◆ **Action item**
What you return should match the data word for word, minus the images.

◆ **Records for processing**

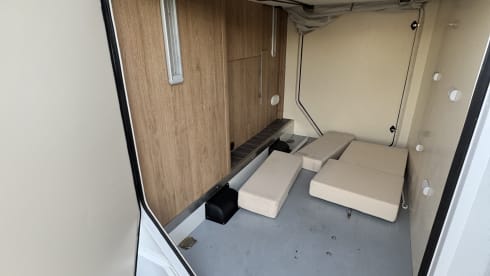 XXXL Garage  – 6p Roller Team-Nische ab 2021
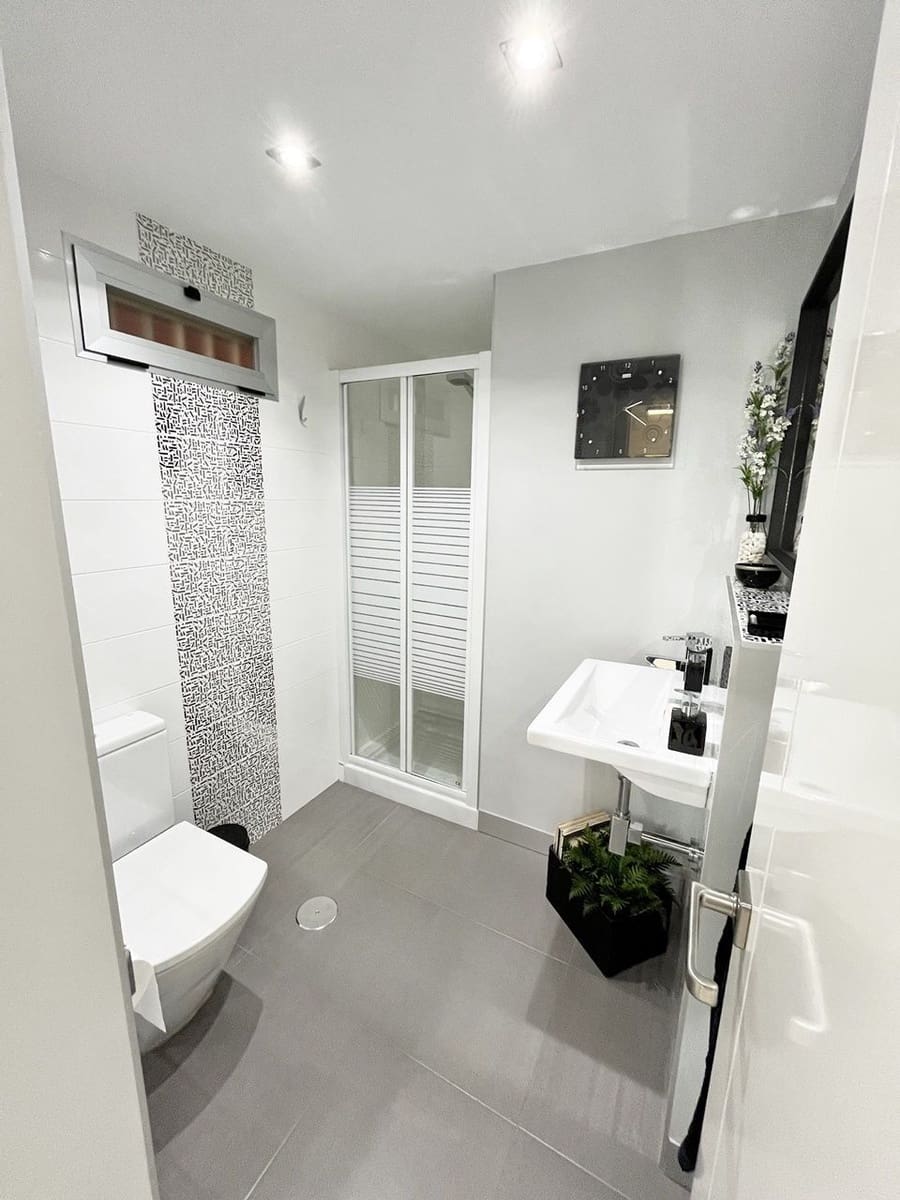 2 soverom Penthouse til salgs i Benidorm med svømmebasseng garasje - € 495 000 (Ref: 9284081)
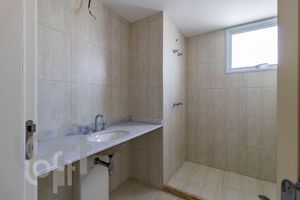 Image 93 - 323581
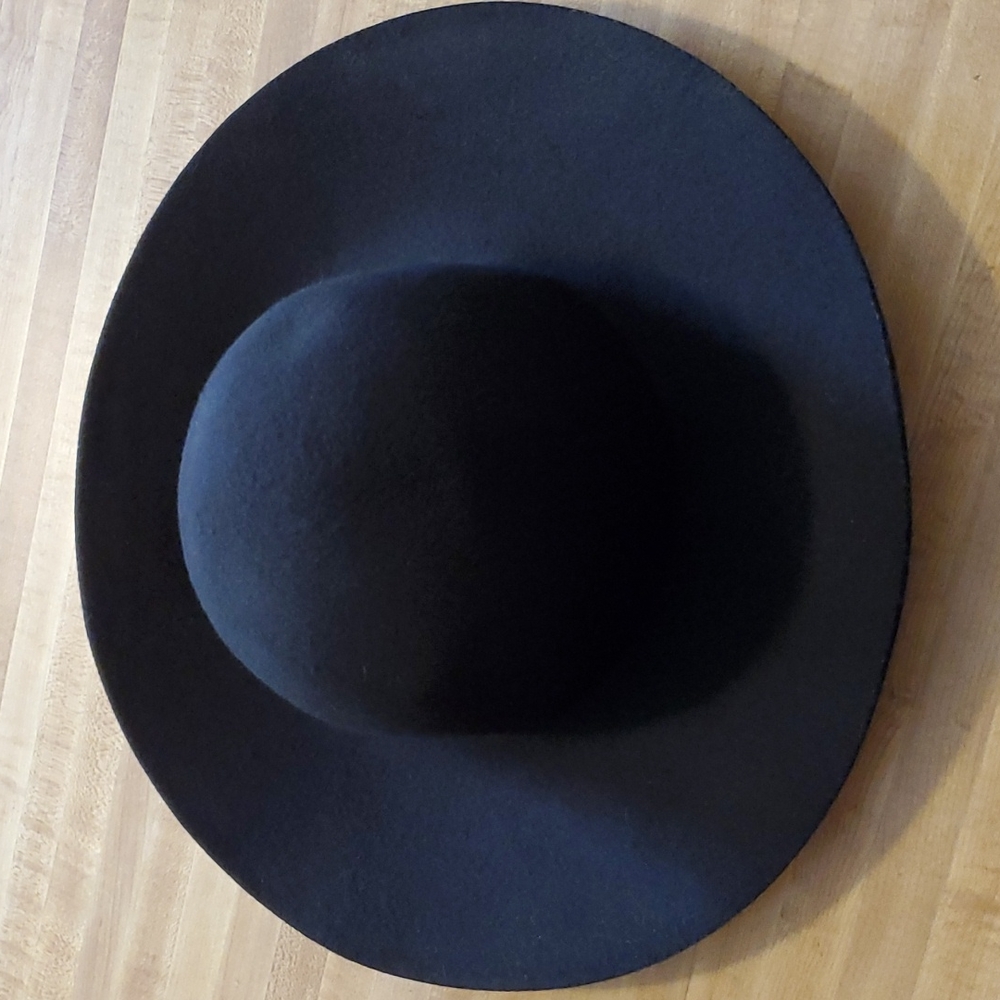 Wide brim hat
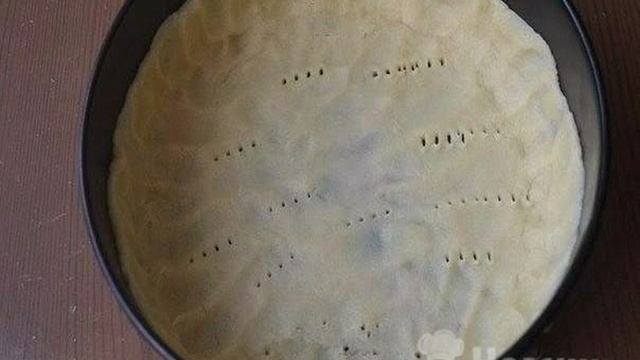 Открытый вишневый пирог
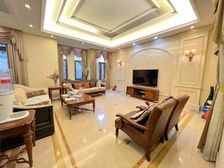 豪宅急卖,欧香小镇别墅 联排中户 5室2厅带电梯 朝南精装修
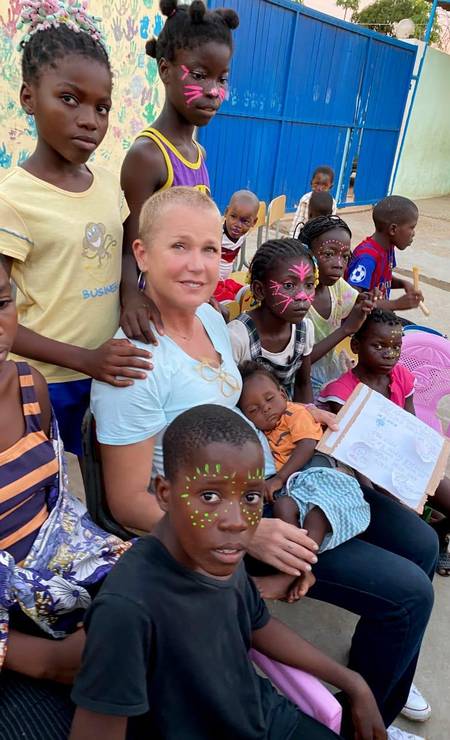 Xuxa cercada por crianças na África Foto: Arquivo Pessoal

◆ **Response to the task**
 XXXL Garage  – 6p Roller Team-Nische ab 2021
 2 soverom Penthouse til salgs i Benidorm med svømmebasseng garasje - € 495 000 (Ref: 9284081)
 Image 93 - 323581
 Wide brim hat
 Открытый вишневый пирог
 豪宅急卖,欧香小镇别墅 联排中户 5室2厅带电梯 朝南精装修
 Xuxa cercada por crianças na África Foto: Arquivo Pessoal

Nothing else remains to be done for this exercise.